MongoDB's speed depends on how you organize your data. If you organize it like a relational database, where every piece of data is in it's own document, then sure, it's not much faster than SQL, and it'll use more resources.
Now, if you store similar data in the same document, it takes much less time to retrieve. Sure, you retrieve more data, but, thats typically less of an issue than the speed at which that data appears.
For example (Simplified):
Say all it took to store the blockchain was a main table (blockchain), and a transaction table. Transactions are parented by blocks, blocks relate to each other by referencing the prior block (this is pretty close to accurate, although there are some other tables that go along with this in most implementations)
In order to pull the transactions of a specific block, you have to query the main table for the particular block ID, then query the transactions table for each transaction that relates to that black. Standard SQL. The entire table of transactions need to be queried.
With a Document Database (like Mongo, or LevelDB), you store the transactions on the block itself, instead of a separate table. In this instance, a query would take much less time, how much less depends on the number of transactions, more transactions, the greater the time difference. Query the block, get the transactions. MongoDB even allows for only pulling back the pieces of the document that you need, so you don't waste bandwidth.

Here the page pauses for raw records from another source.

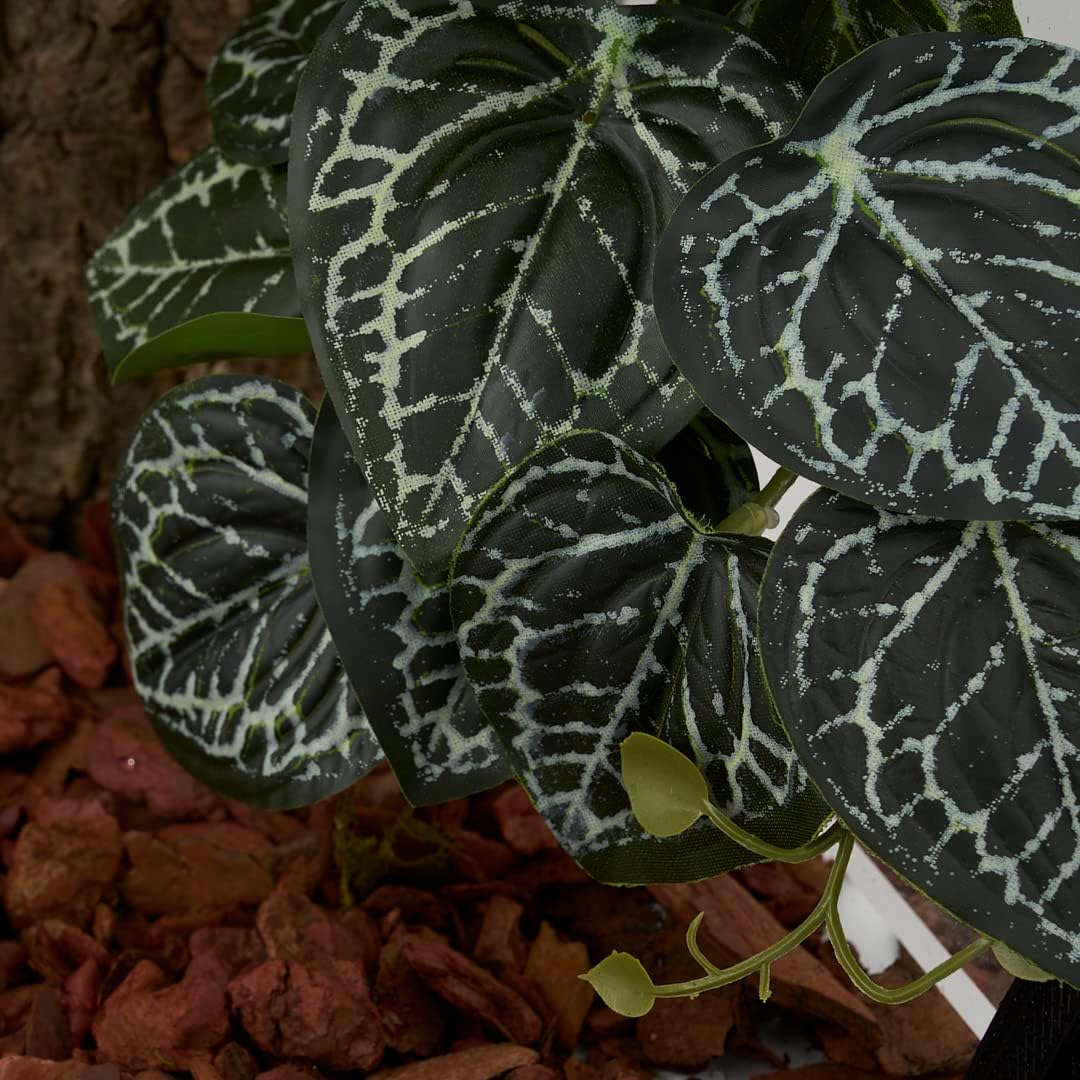 2Pack Reptile Fake Plants for Terrarium, Snake Tank Accessories, Habitat Decor Artificial Hanging Plants with Suction Cup - Fake Anthurium Crystallinum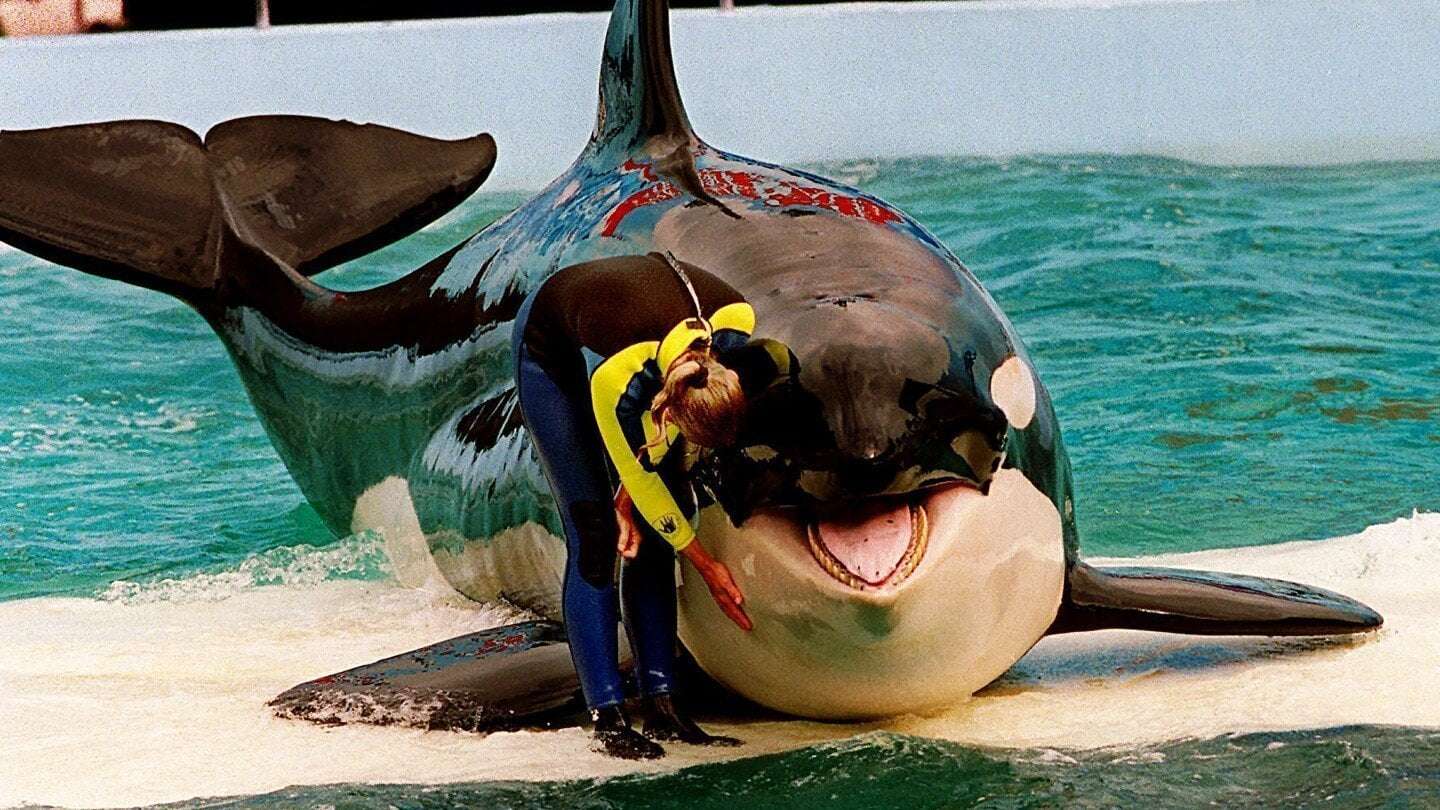 image for Miami Seaquarium gets eviction notice several months after death of Lolita the orca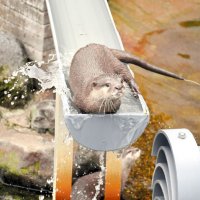 流れる姿、愛らしく　カワウソ「ツツジ」後継者に　市川市動植物園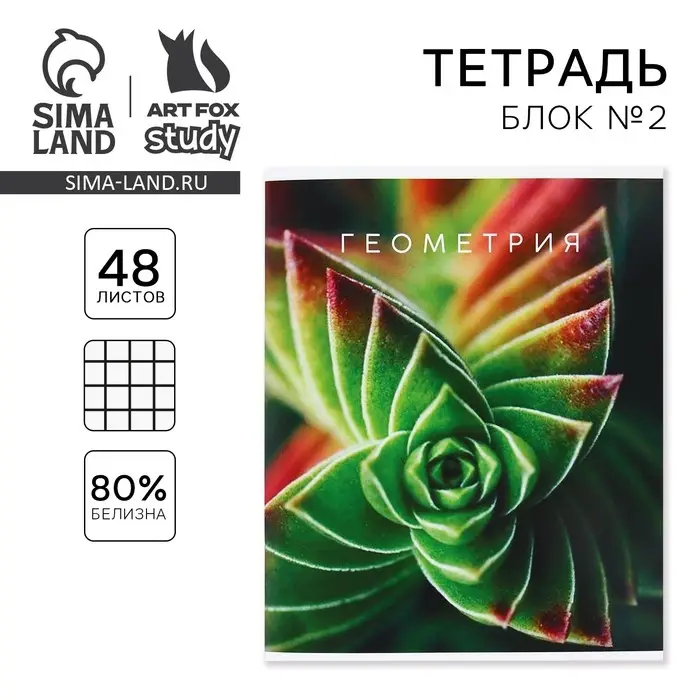 Тетрадь в клетку, предметная, 48 л.,на скрепке, А5 &laquo;ПРИРОДА. Геометрия&raquo;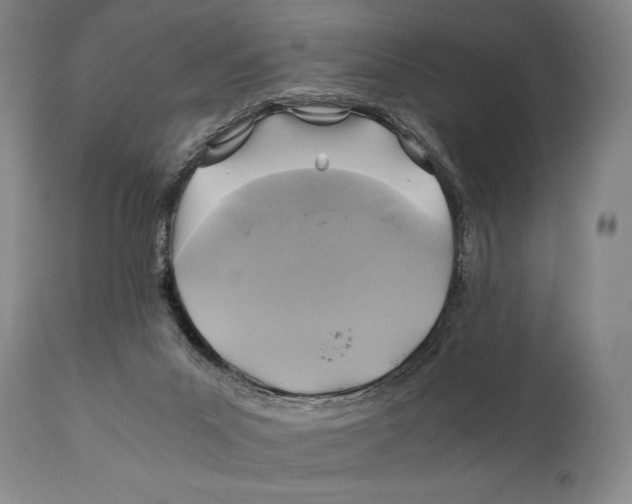 X0000111030023200907231631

In addition to the speed, you write queries for MongoDB in javascript. So Rise will initially be an entirely javascript stack. We will be supporting other languages for DApp development, but they will be interacting with the DB through Rise APIs, which are all javascript. Any language that can consume a JSON / REST API can be used for Dapp Development, and MongoDB provides the data storage.

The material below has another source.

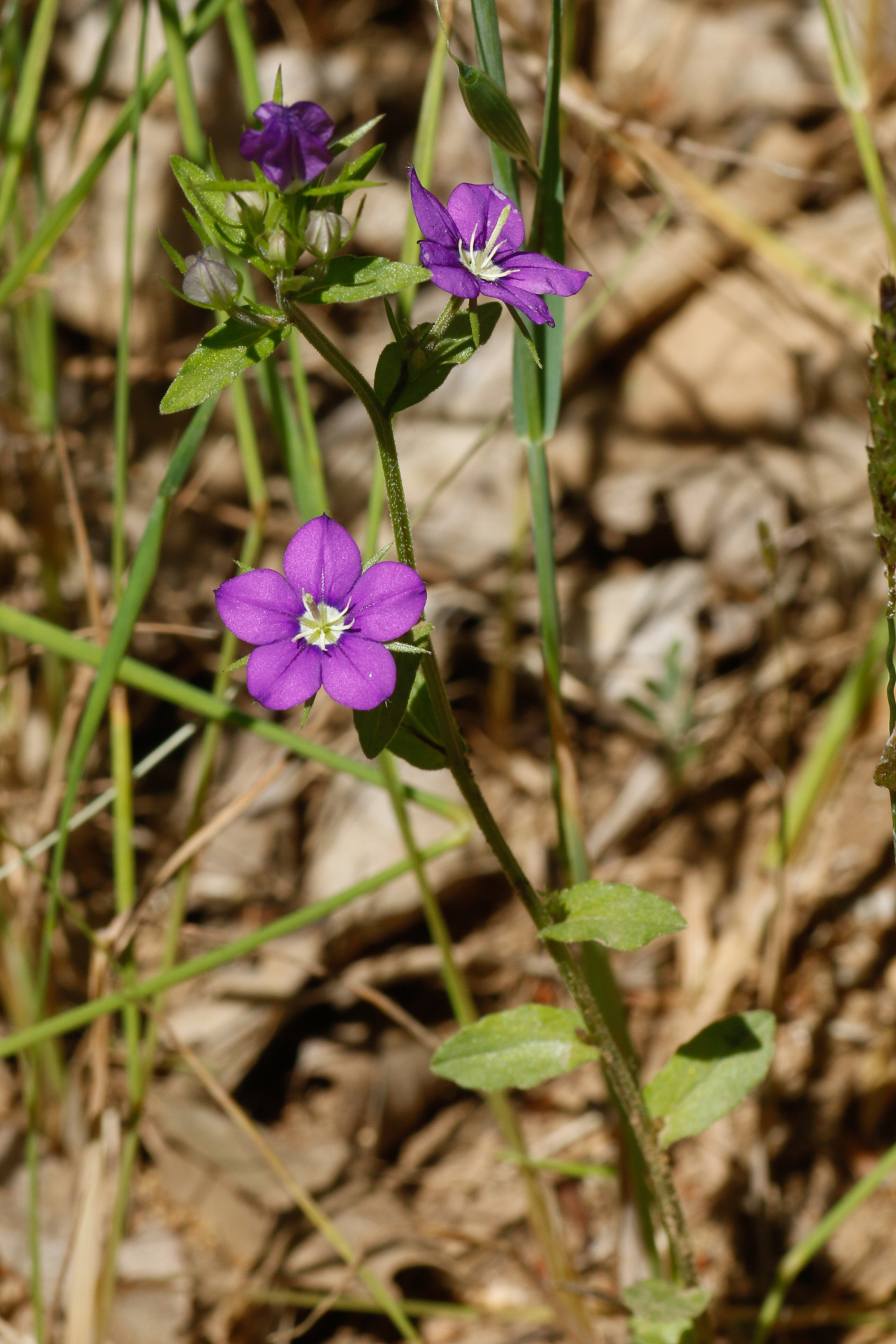 Legousia speculum-veneris (L.) Chaix - Photo Bivouac Naturaliste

Hopefully that makes sense. I'd love to talk to you more about it in our chat if you would like.
https://www.hipchat.com/gtjX3uPYEFor Document DBs, there are a couple of options, but I've been working with MongoDB for a very long time, and I enjoy working with it, it's engineers and support staff, and with it's ORMs in NodeJS. I considered Cassandra, as well as CouchDB, but couldn't find enough differentiators to switch at this point. Cassandra would be good if every Node was going to talk to the same database, since it is designed to scale horizontally, but then that defeats the whole purpose of the blockchain.